Couchbase upgrade is performed periodically by the admins. For us couchbase is a source and we poll couchbase using kafka connect by subscribing to the DCP channel.
During the upgrade process
- A new cluster with new IPs and hostnames are built
- XDCR is performed to replicate data from old to the new cluster
- DNS SRV is updated
Since our Kafka Connect process depends on Vbucket UUID and sequence number to begin to stream from. Does the XDCR replication maintain the documents in the same Vbucket UUIDs or can this be shuffled when a replication to a new cluster is performed?

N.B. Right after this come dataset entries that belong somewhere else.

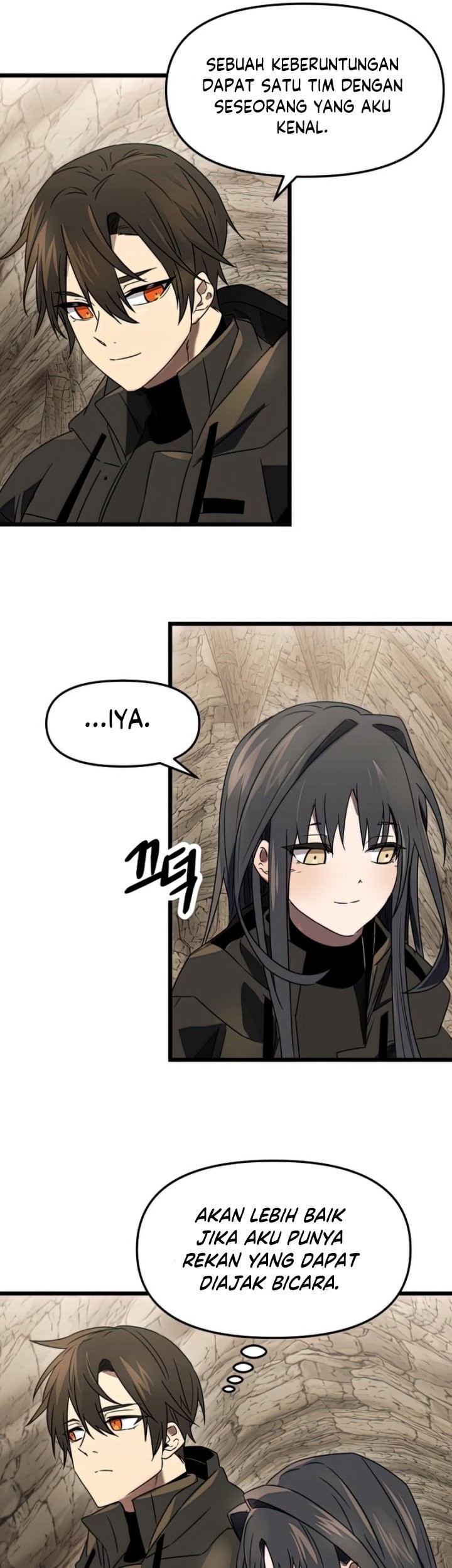 Chapter 35 - halaman 91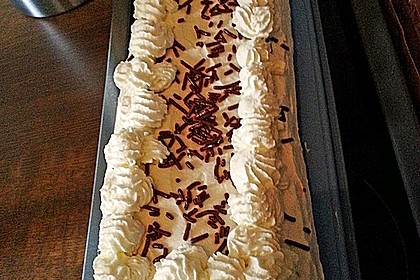 Käsesahne - Roulade 9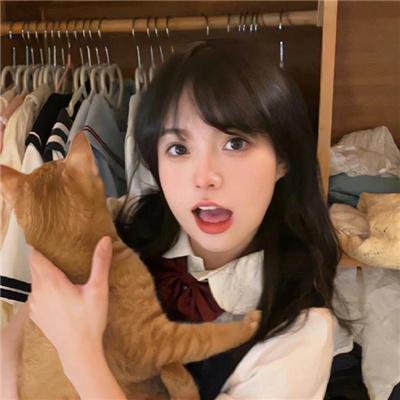 杀手寓言动画版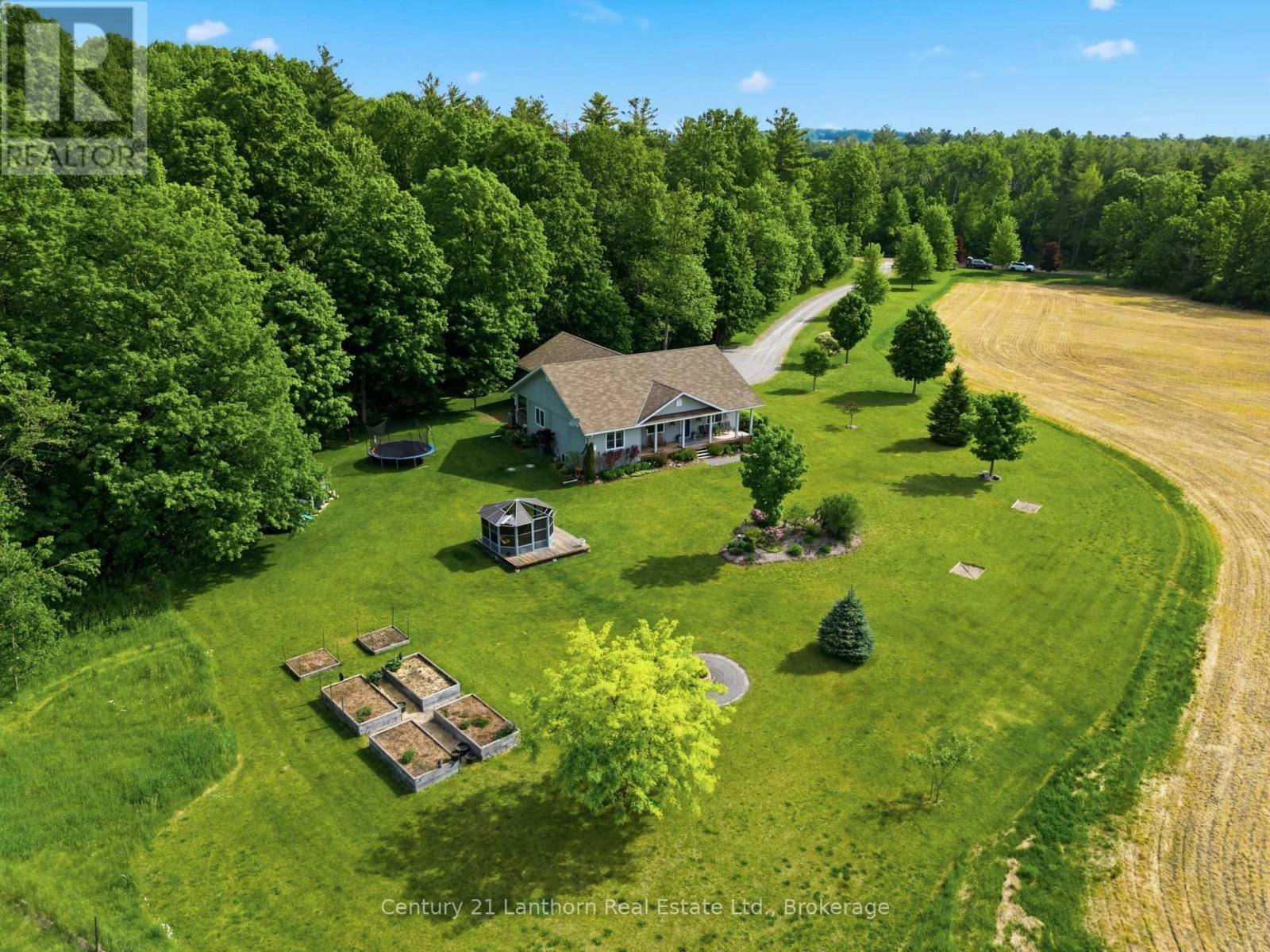 198 Skinkle Road, Trent Hills, ON, K0K 3K0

If I understand you correctly, an “upgrade” process seems to me to be a replacement process in that you have a new cluster, and then the old cluster’s data is XDCR’ed to the new cluster. Then, the Kafka connector that used to subscribe to the old cluster is then to be used to subscribe to the new cluster. Please let me know if this is correct.
In each case, the VBUUID of a VBucket is generated randomly, and VBUUID information is not synchronized between source and target clusters.
When a source bucket is established, each VB will have a VBUUID at the time the bucket is created. The same happens for the target bucket. Thus, when you XDCR from the old cluster to the new cluster, even though the data on the new cluster is the same, the VBUUID of each VB holding the data will be different.
When you then reconnect the kafka to the “new” target bucket, it’ll experience a completely new set of VBUUIDs, and unrelated to the source.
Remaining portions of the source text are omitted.